Or that objects entering the atmosphere burn up due to friction?

Or that George Bush is a conservative?

All lovely little myths passed down from generation to generation!
10.19.2005 9:37am
Rhianna (aka rmschoon) (mail) (www):
My personal fav is that ostrichs put their heads in the sand. Nope, they lay their heads along the ground. Illistrates the stupidty of the bird in attempting to 'flee' danger, but they're not quite THAT dumb...
10.19.2005 11:36am
Elizabeth Reid:
My personal crusades are the ring-around-a-rosy/Black Death link and the Great Eskimo Vocabulary hoax. Oh, yeah, and old glass flowing.

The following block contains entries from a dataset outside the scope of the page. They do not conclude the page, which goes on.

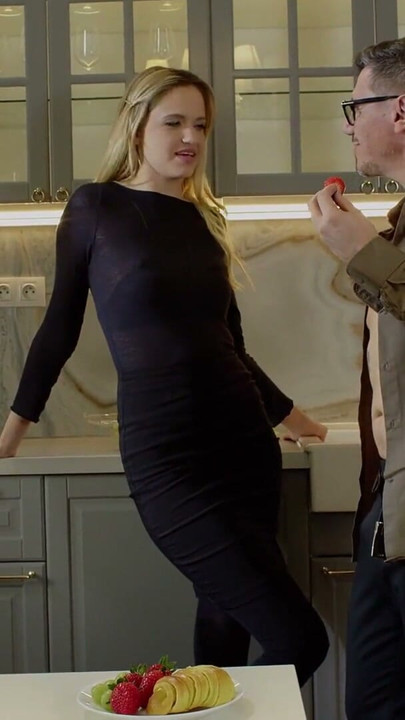 Private com - Novella Night se pone su lencería, desayuna y se la mete por el culo | Clip 1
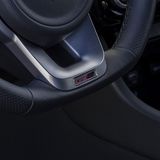 Das unten abgeflachte Lenkrad ist Teil der Ausstattungslinie "GT-Line"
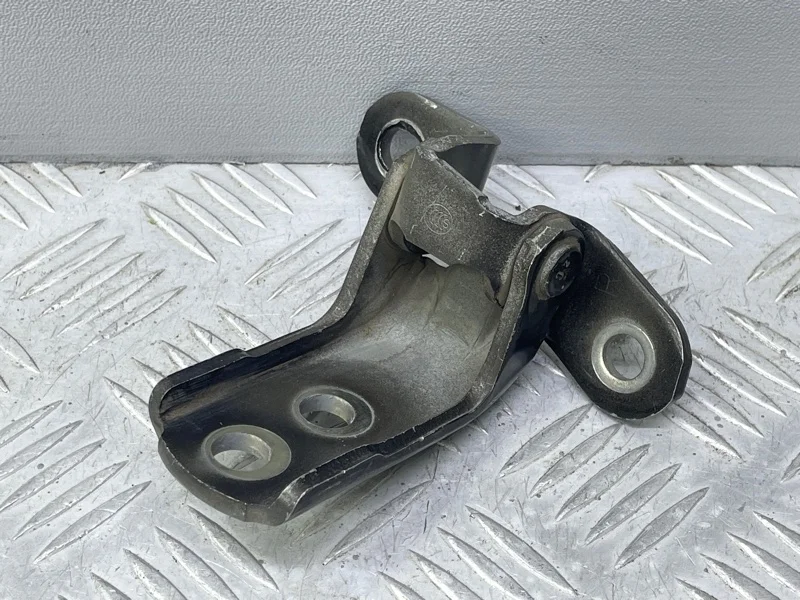 Петля двери Toyota FJ Cruiser GSJ15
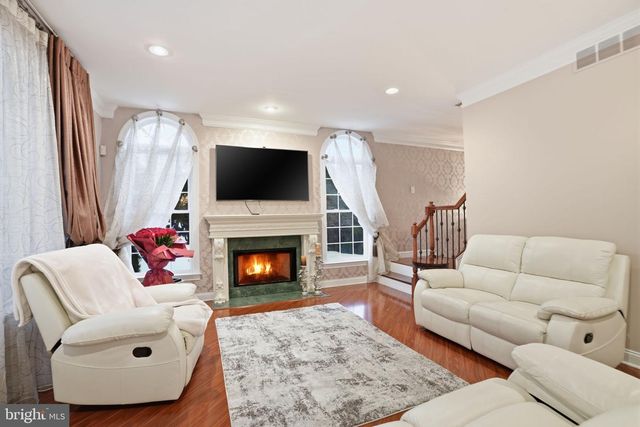 3749 SIPLER LN, Huntingdon Valley, PA 19006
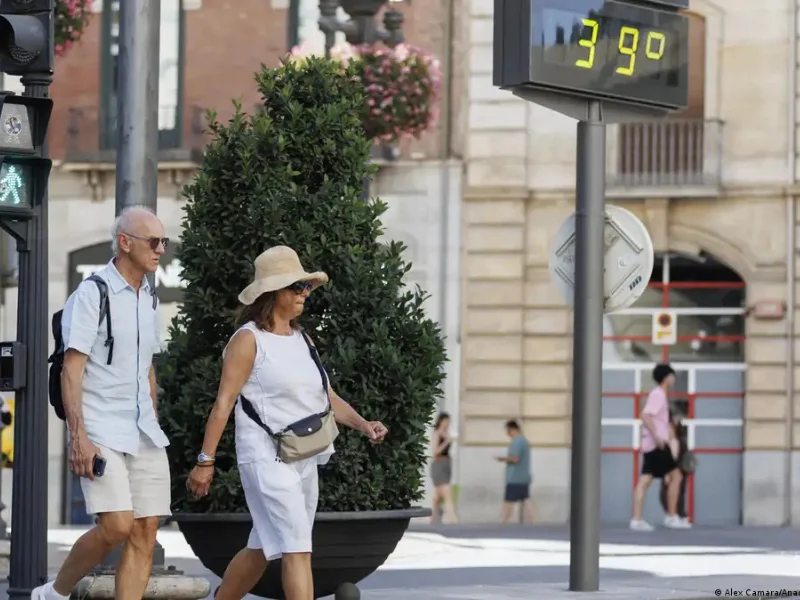 termometro-callejero-marca-temperaturas-elevadas-en-una-ciudad-espanola|Foto: Alex Camara/Anadolu/picture alliance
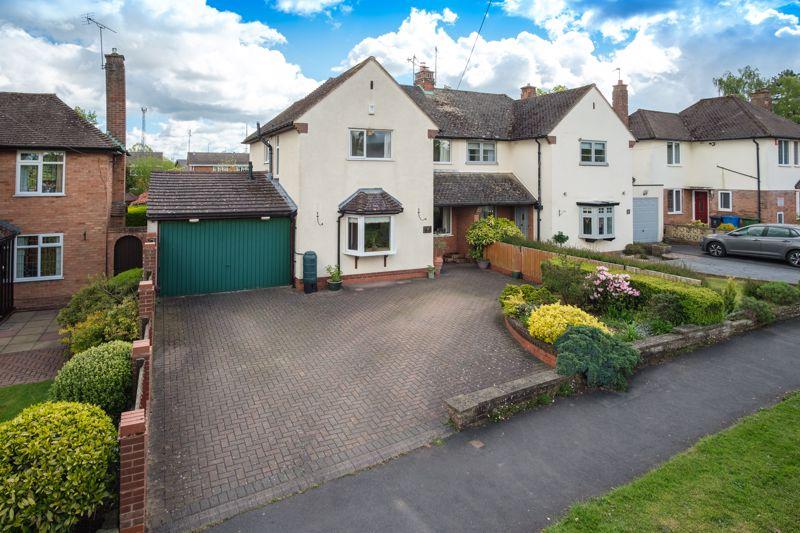 Queens Gardens, Codsall, Wolverhampton 3 bed semidetached house £375,000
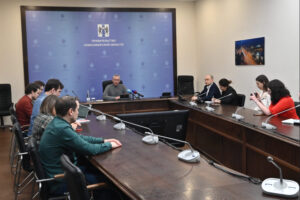 Андрей Травников посетил жителей села Козиха, пострадавших из-за изъятия животных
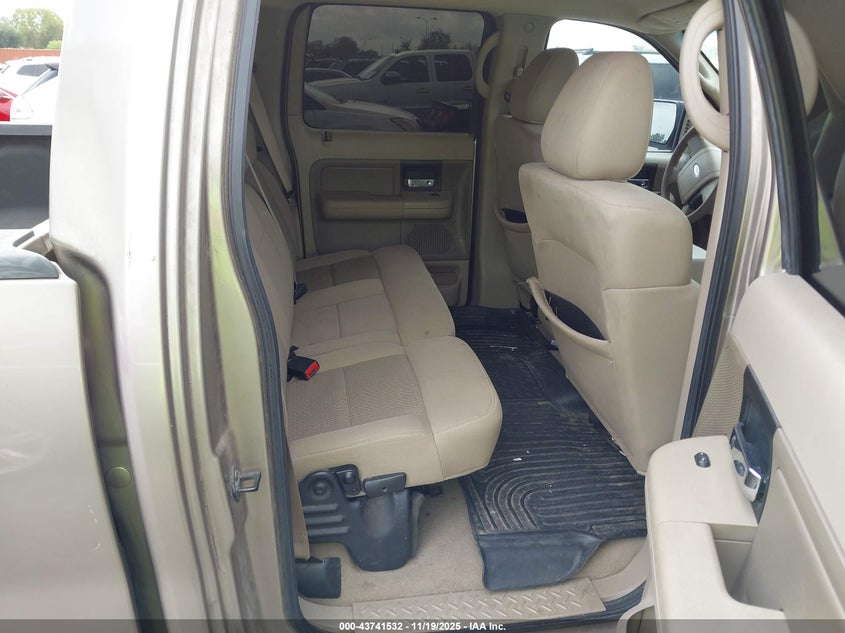 2005 Ford F-150 Lariat/Xlt VIN: 1FTPW12575KE01729 Lot: 43741532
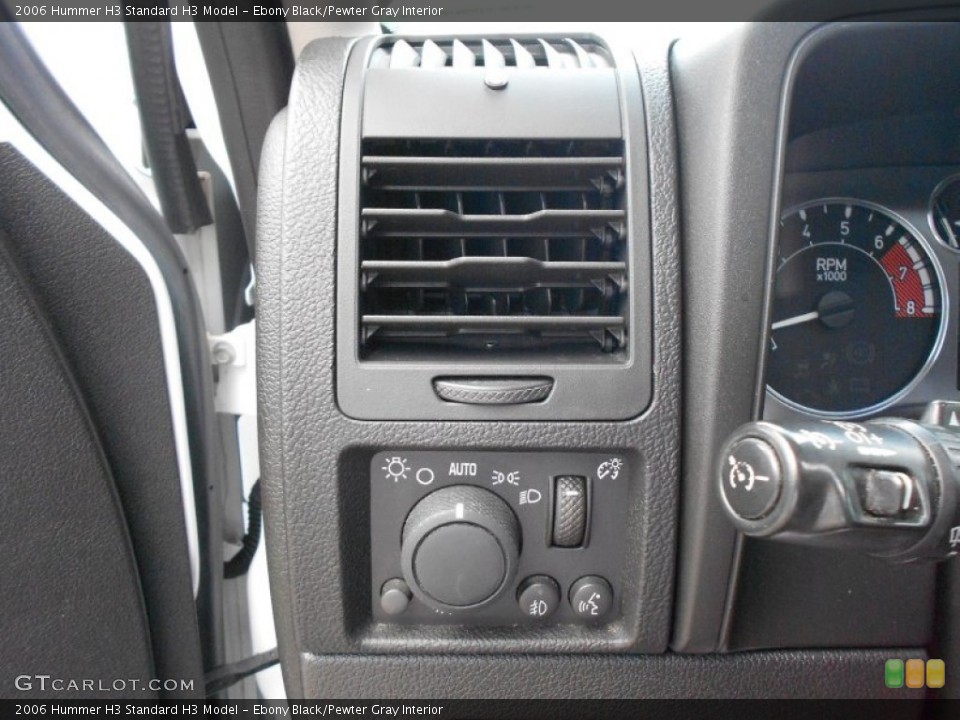 Ebony Black/Pewter Gray Interior Controls for the 2006 Hummer H3  #65804824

As you can imagine, I'm lots of fun at parties.
10.19.2005 11:41am
Steven Malcolm Anderson (www):
Two "myths" that I like to refute are:

1) That Europeans before Columbus believed that the Earth was flat. False. Ever since Eratosthenes, the Greeks knew not only that the Earth is round but even its approximate size. This was transmitted to us through the Romans and then through the Catholic church. All educated Europeans had this knowledge. E.g., see Dante's cosmology in The Divine Comedy. Columbus actually underestimated the size of the Earth and, had it not been for the New World (which he initially thought was India -- hence "Indians"), he would all too soon have run out of provisions for his men. He was a bold explorer, and I'm glad he discovered America, but he was a bit erroneous in his thinking. The Catholic church turned out to be right.

2) That a myth is a popular belief that turns out to be false. False. A myth is a story about the deeds of Gods and/or Goddesses. It is from myth that holy dogma is derived and all theology. Myth, therefore, is absolute truth.

E.g., it is a myth that you should not throw a hone across the floor, and it is nonetheless true. Not only might you give Thor a headache, but -- even if you're an atheist or don't believe in Thor -- you might break something. Be careful. Those who live in glass houses shouldn't throw hones.

Here is the holy myth of Isis and Osiris. Which exactly parallels the holy myth of Inanna. Which exactly parallels that other holy myth to which I alluded in a previous comment in another thread, that myth which, more than any other, has shaped our Western high culture. I hold this supreme archetypal myth of the Queen of Heaven as absolute holy dogma.

Myth, in its original sense, is not false, but is the highest truth of all. "Myth is the language in which the Gods speak to us," as Stephen A. McNallen (founder of the Asatru Free Assembly) put it so well.
10.19.2005 1:04pm
Steven Malcolm Anderson (www):
Forgive my persiflage in my last comment. The duel between Thor and Hrungnir is the archetypal duel between Good and Evil that runs through every mythology. Right now, I'm reading a book on the history of Zoroastrianism.
10.19.2005 1:08pm
TallDave (mail) (www):
I think using the word persiflage was more persiflaginous than your post.